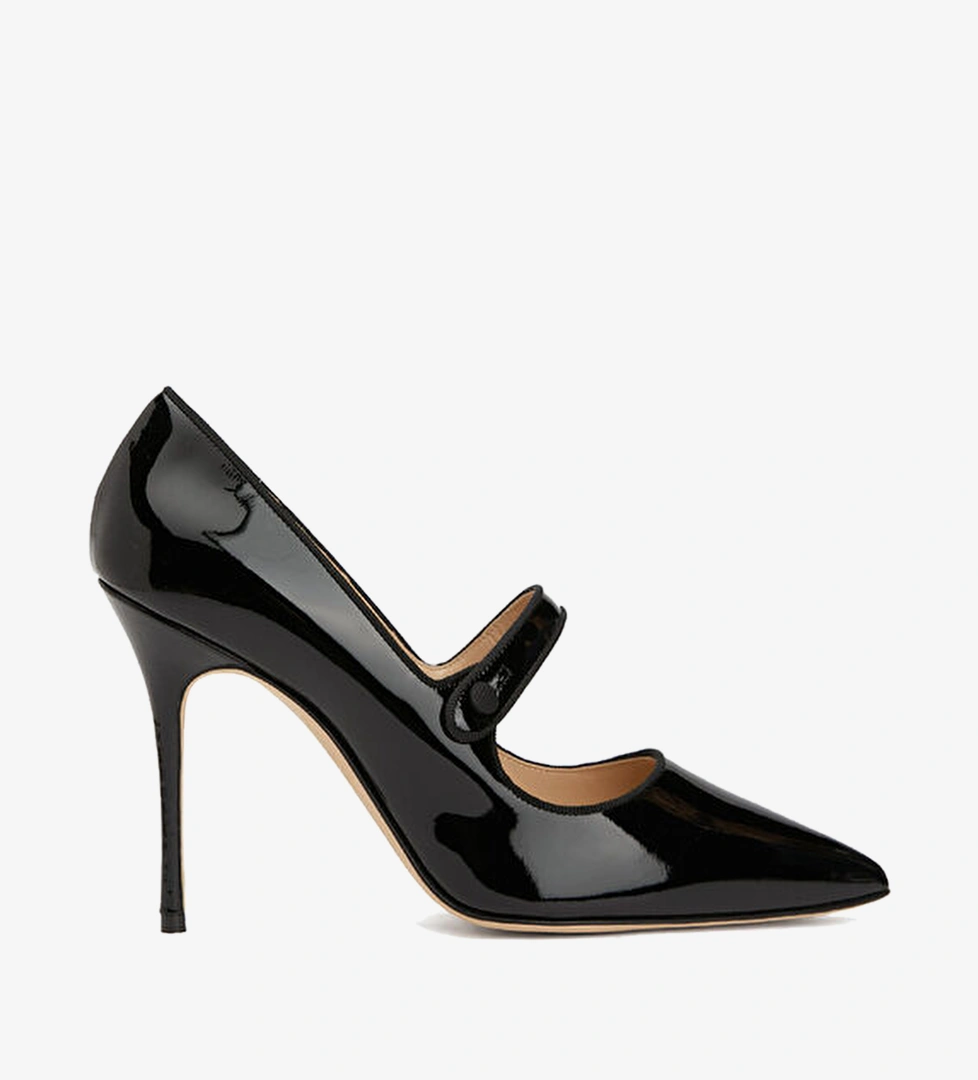 Manolo Blahnik Manolo Blahnik Campari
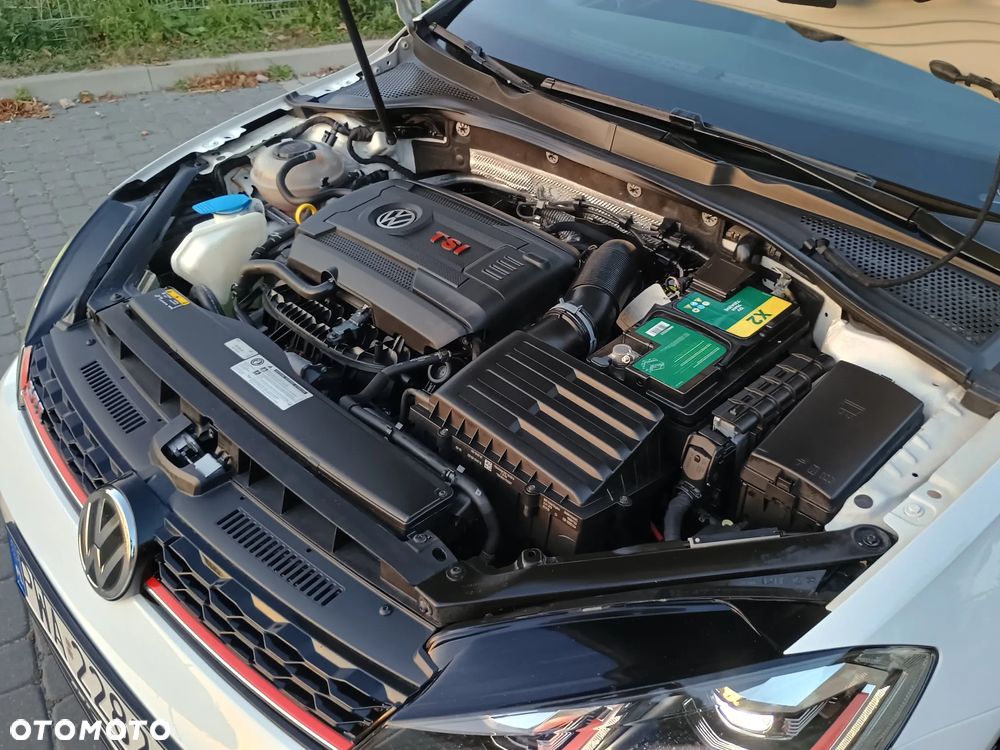 Volkswagen Golf VII 2.0 TSI GTI TCR DSG - 21
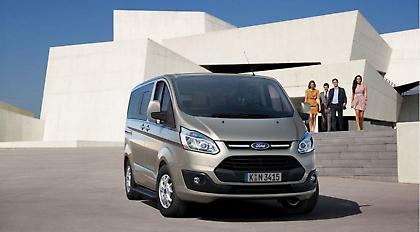 Ford Tourneo Custom ΙΧ και επαγγελματικό
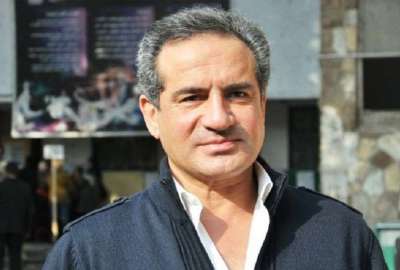 المطرب محمد ثروت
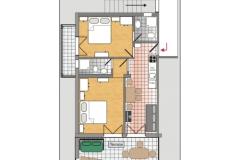 Apartments Dora Apartment 2 – B4 foto 4
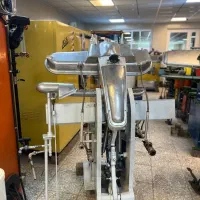 فروش و نصب تجهیزات خشکشویی صنعتی (نو و دست دوم)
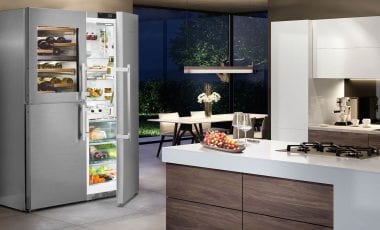 German Design Award 2019 für Liebherr-Hausgeräte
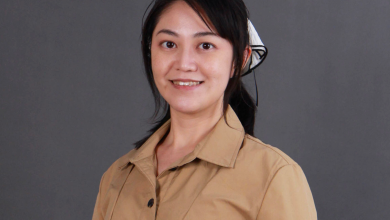 十大傑出女青年蕭鈞毓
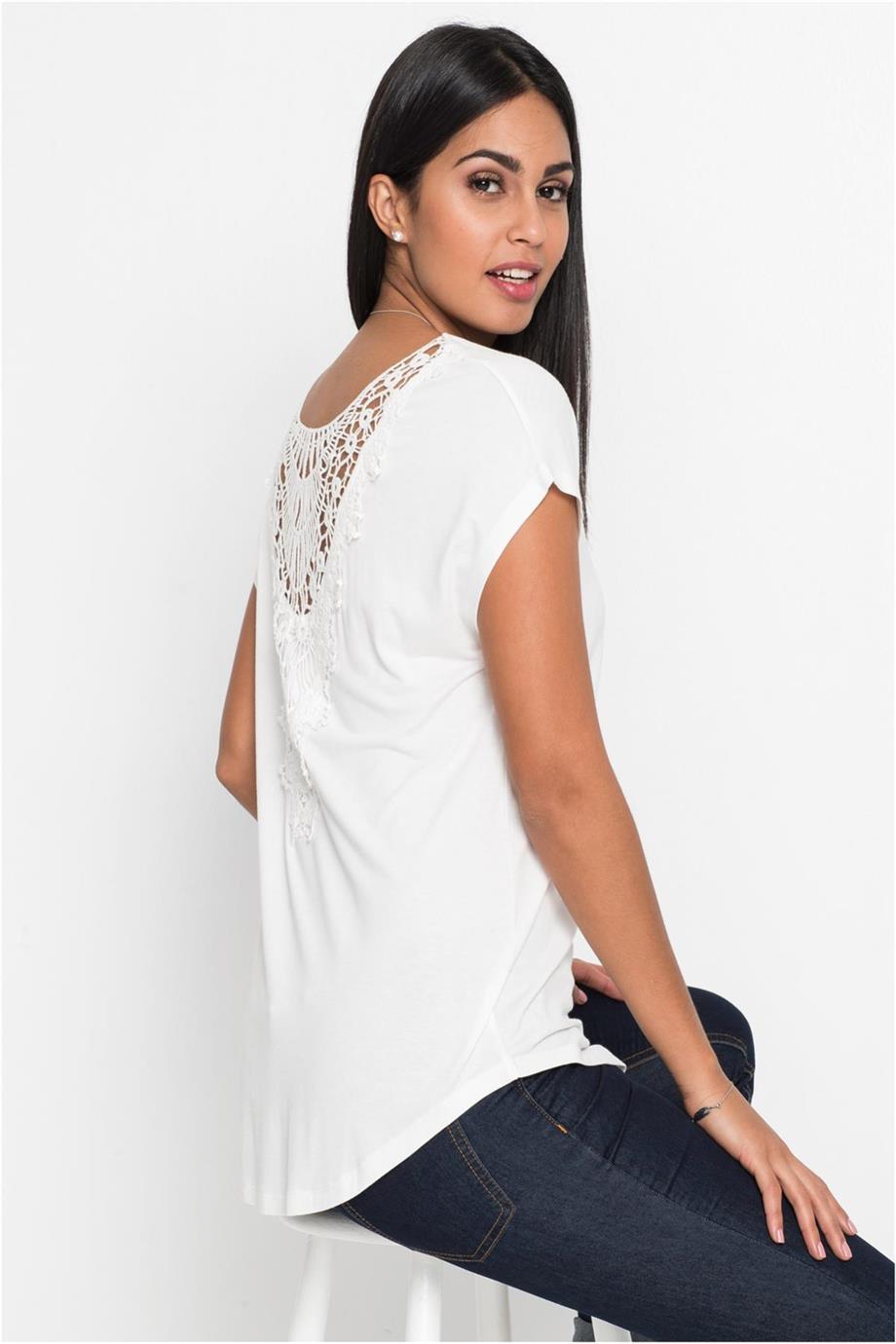 Shirt bodyflirt sale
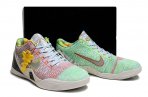 Men Kobe knit 9 low-004 Shoes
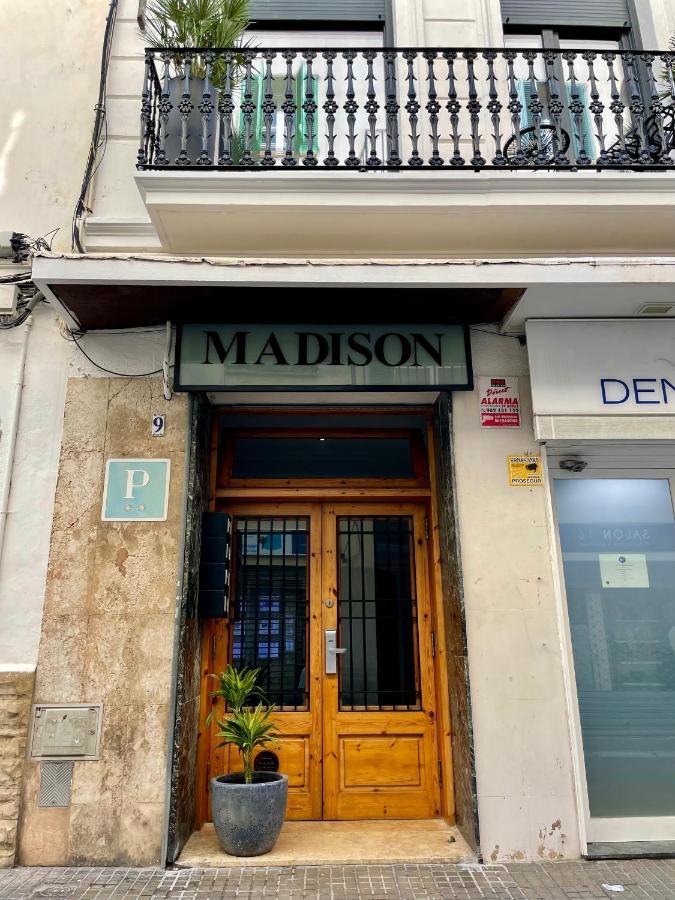 Madison Rooms Sitges Dış mekan fotoğraf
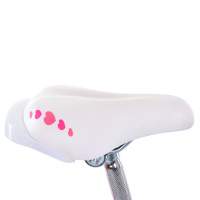 Велосипед дитячий MB 20041-1, 20 дюймів, рожевий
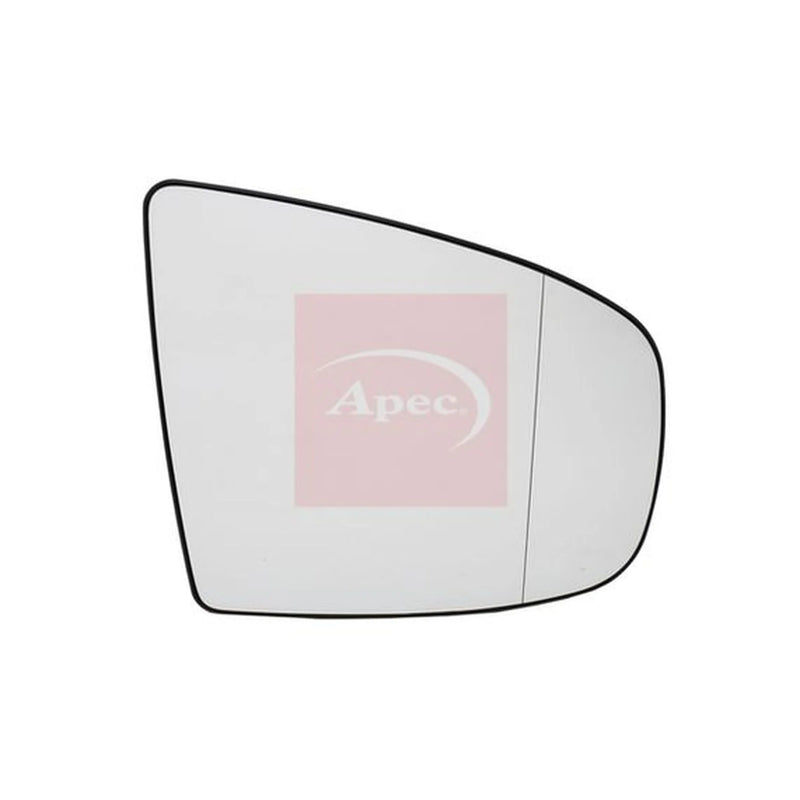Apec Exterior Wing Mirror Glass Right AMG2100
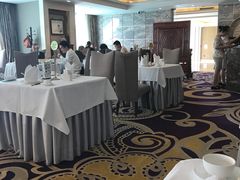 大堂-青岛海景花园大酒店·粤海餐厅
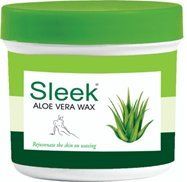 Sleek Aloe Vera Wax (250gm)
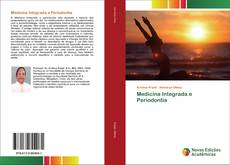 Portada del libro de Medicina Integrada e Periodontia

INSTRUCTIONS FOR THE TASK: The required output is every line from the one containing "Apec Exterior Wing Mirror Glass Right AMG2100" through the last line of the data above, restated exactly and without pictures.

ANSWER TO THE EXERCISE:
Apec Exterior Wing Mirror Glass Right AMG2100
 大堂-青岛海景花园大酒店·粤海餐厅
 Sleek Aloe Vera Wax (250gm)
 Portada del libro de Medicina Integrada e Periodontia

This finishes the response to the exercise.